Я задумался, почему это происходит? Из объяснений мне стало понятно, что персидский язык такого поэта, как Суратгяр, – язык церковный и дворцовый. Он достиг высшей зрелости и выразительности, с одной стороны, только в поэмах, рифмующихся по полустишиям, а с другой – в «Шах Намэ». Всякая попытка обновления приведет только к упадку мастерства. Кто возьмет на себя смелость тронуть хотя бы одно его слово, форму, выражение?
Как пользовались словами маститые маэстро и куда они их поставили, там и застыли они, подобно стоячей рутине; там они и останутся. Я выразился «маститые маэстро». Боже упаси! Для иранца древний поэт не отличается от святого. Он для него бог слова.
Именно поэтому даже вся невежественная масса народа, от пастуха до крестьянина, от крестьянина до рабочего, находила возможность учить наизусть и сохранять в памяти стихи многовековой давности. Этих поэтов простонародье декламирует, подобно тому как хафизы [104]
читают Коран.

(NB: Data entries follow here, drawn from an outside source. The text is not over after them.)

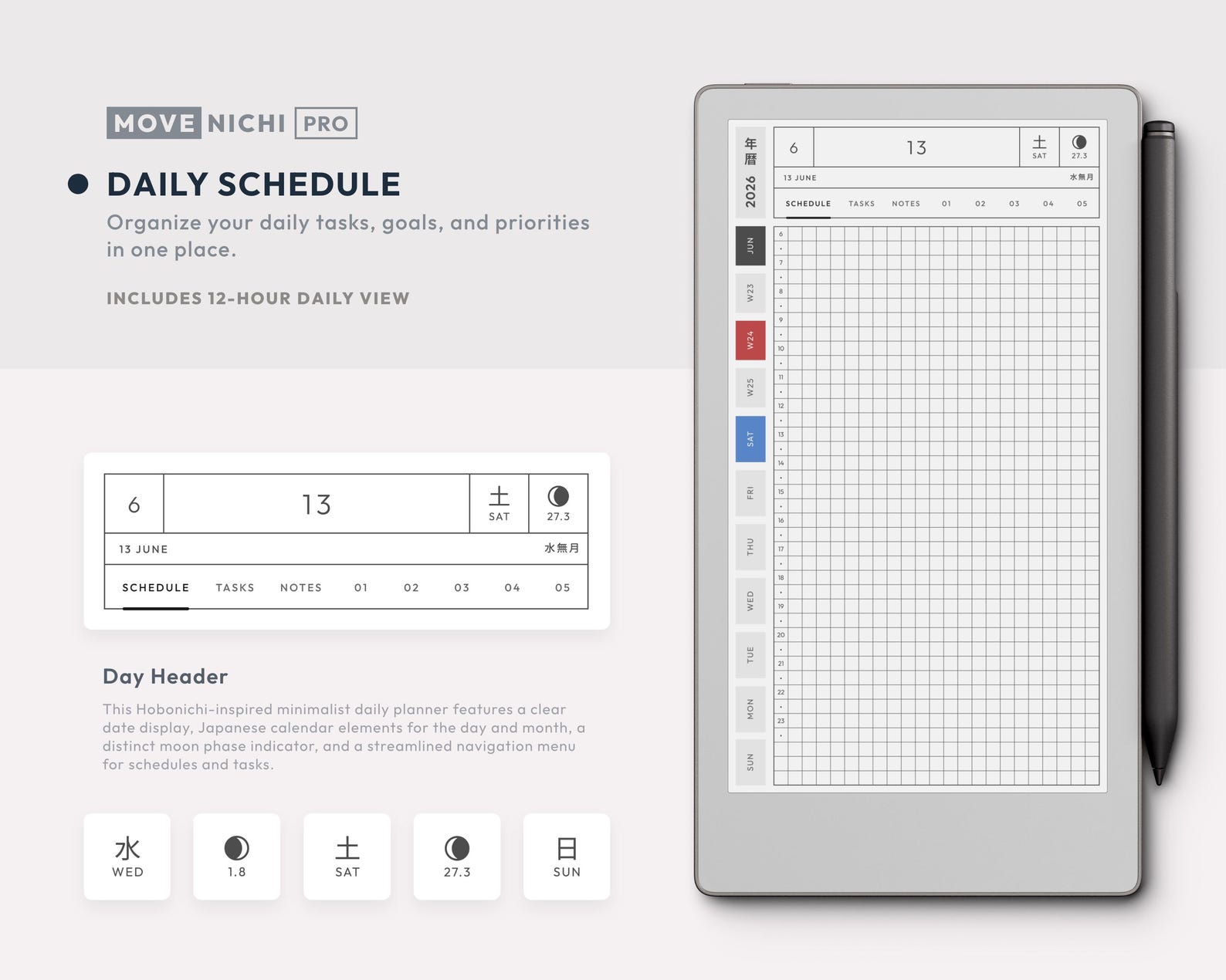 Digital Planner for Remarkable Paper Pro Move — Movenichi PRO 2026 ...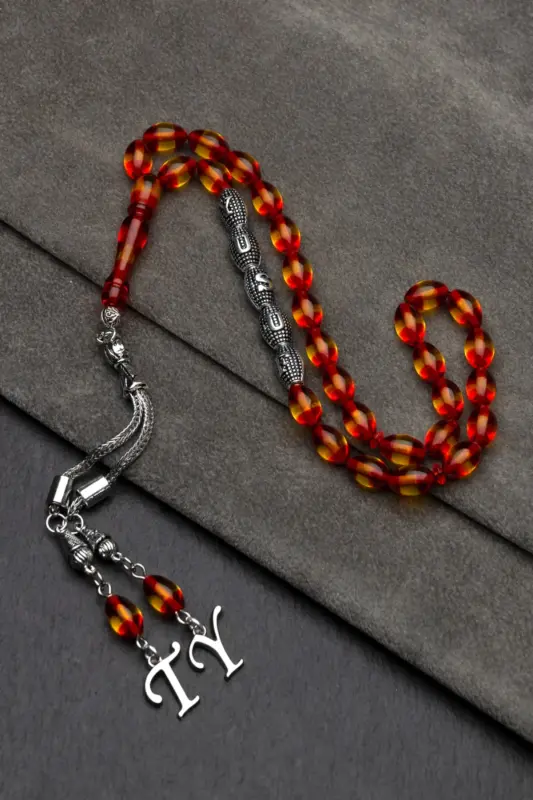 Erkak uchun sovg'a harfli tassel kehribar tasbeh, ismli tasbeh, sariq qizil tasbeh-sariq qizil - 3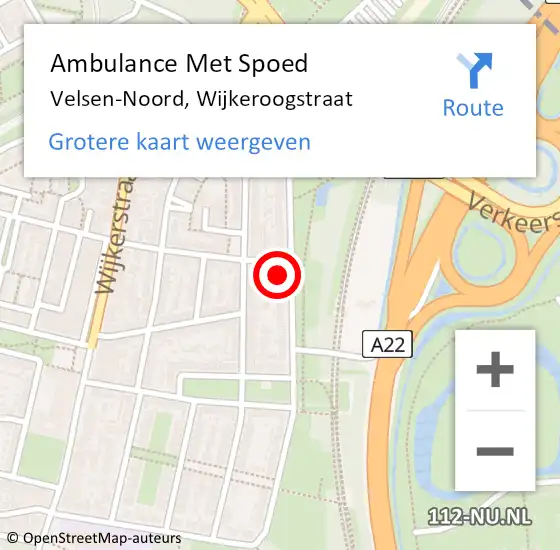 Locatie op kaart van de 112 melding: Ambulance Met Spoed Naar Velsen-Noord, Wijkeroogstraat op 27 april 2024 21:54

Поэтические произведения высокого и глубокого смысла, которые не могли истолковать нам наши учителя персидского языка в средней школе, до сих пор ставят в тупик ученых. Поныне ученые-переводчики, работая над ними, буквально протирают штаны, не добиваясь успеха. Как слепо поддался влиянию этой литературы великий немецкий поэт Гёте! Когда гений его достиг апогея, разве раскрылся он в достаточной степени в его произведении «Восточно-западный диван»? Но мог ли Гёте воспринять дух персидских диванов [105] так же, как какой-нибудь грамотный иранец того времени? Я не думаю! Гёте, гуманист, черпавший вдохновение из глубины человеческой сущности и природы, как и все поэты и мыслители Запада, построил свое мировоззрение именно на этом. У персидской же литературы, так же как у дерева тубы, корни находятся в небесах, а плоды свисают с ветвей не для еды, а для любви. У каждого из этих плодов свой вкус, свое название и опьяняют они, как вино. Когда поэт говорит «любовь», то это не обыкновенная любовь, какую мы знаем. Когда он взывает «возлюбленная» – не надо принимать ее за любимые нами создания из плоти и крови… В его устах слова «встреча с возлюбленным» могут звучать, как встреча со смертью. А в его понятии «тоска» может быть заложен смысл «сближения с любимым». Наконец, на языке древних персидских поэтов «нарцисс» и «гиацинт» не названия цветов, а глаза и волосы. Когда, кстати, персидский поэт видел настоящие цветы? Его обращенный внутрь себя взгляд не останавливается ни на чем реальном. Он видит только изящные создания из призрачного сада.